Problem to solve: Restate word for word the entries below, starting with the line with "SC license plate BTS843" and continuing through the line with "Queen King Mattress". Include both of those lines and no others.

(Saved data entries)
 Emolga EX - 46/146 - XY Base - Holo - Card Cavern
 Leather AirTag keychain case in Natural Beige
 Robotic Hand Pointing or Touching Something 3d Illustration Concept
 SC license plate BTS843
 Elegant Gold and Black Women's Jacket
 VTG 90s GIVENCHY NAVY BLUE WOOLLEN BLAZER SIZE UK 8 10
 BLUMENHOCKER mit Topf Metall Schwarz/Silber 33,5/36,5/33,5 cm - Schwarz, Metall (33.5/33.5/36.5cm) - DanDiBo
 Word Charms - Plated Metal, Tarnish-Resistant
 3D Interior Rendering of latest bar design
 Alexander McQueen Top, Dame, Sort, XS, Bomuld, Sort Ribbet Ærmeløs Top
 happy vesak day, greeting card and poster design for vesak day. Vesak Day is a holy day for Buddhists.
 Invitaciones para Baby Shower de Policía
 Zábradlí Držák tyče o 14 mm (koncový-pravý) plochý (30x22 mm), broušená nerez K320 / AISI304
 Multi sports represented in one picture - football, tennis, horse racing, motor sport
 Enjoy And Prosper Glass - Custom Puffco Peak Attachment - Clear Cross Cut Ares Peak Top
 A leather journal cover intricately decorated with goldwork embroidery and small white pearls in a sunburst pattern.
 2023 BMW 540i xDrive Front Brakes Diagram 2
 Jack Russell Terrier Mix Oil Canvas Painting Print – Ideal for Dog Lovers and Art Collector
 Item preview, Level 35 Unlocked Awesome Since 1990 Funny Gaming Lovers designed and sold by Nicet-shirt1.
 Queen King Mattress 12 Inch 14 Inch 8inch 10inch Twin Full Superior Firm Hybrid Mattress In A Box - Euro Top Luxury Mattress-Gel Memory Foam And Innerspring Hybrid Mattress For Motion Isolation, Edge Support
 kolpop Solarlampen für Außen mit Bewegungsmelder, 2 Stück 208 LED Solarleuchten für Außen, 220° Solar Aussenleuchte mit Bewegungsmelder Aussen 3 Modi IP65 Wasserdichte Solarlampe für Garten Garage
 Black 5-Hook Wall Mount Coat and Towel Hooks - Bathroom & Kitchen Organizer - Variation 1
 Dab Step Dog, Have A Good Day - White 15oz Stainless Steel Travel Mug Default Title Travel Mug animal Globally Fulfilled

Answer space:
 SC license plate BTS843
 Elegant Gold and Black Women's Jacket
 VTG 90s GIVENCHY NAVY BLUE WOOLLEN BLAZER SIZE UK 8 10
 BLUMENHOCKER mit Topf Metall Schwarz/Silber 33,5/36,5/33,5 cm - Schwarz, Metall (33.5/33.5/36.5cm) - DanDiBo
 Word Charms - Plated Metal, Tarnish-Resistant
 3D Interior Rendering of latest bar design
 Alexander McQueen Top, Dame, Sort, XS, Bomuld, Sort Ribbet Ærmeløs Top
 happy vesak day, greeting card and poster design for vesak day. Vesak Day is a holy day for Buddhists.
 Invitaciones para Baby Shower de Policía
 Zábradlí Držák tyče o 14 mm (koncový-pravý) plochý (30x22 mm), broušená nerez K320 / AISI304
 Multi sports represented in one picture - football, tennis, horse racing, motor sport
 Enjoy And Prosper Glass - Custom Puffco Peak Attachment - Clear Cross Cut Ares Peak Top
 A leather journal cover intricately decorated with goldwork embroidery and small white pearls in a sunburst pattern.
 2023 BMW 540i xDrive Front Brakes Diagram 2
 Jack Russell Terrier Mix Oil Canvas Painting Print – Ideal for Dog Lovers and Art Collector
 Item preview, Level 35 Unlocked Awesome Since 1990 Funny Gaming Lovers designed and sold by Nicet-shirt1.
 Queen King Mattress 12 Inch 14 Inch 8inch 10inch Twin Full Superior Firm Hybrid Mattress In A Box - Euro Top Luxury Mattress-Gel Memory Foam And Innerspring Hybrid Mattress For Motion Isolation, Edge Support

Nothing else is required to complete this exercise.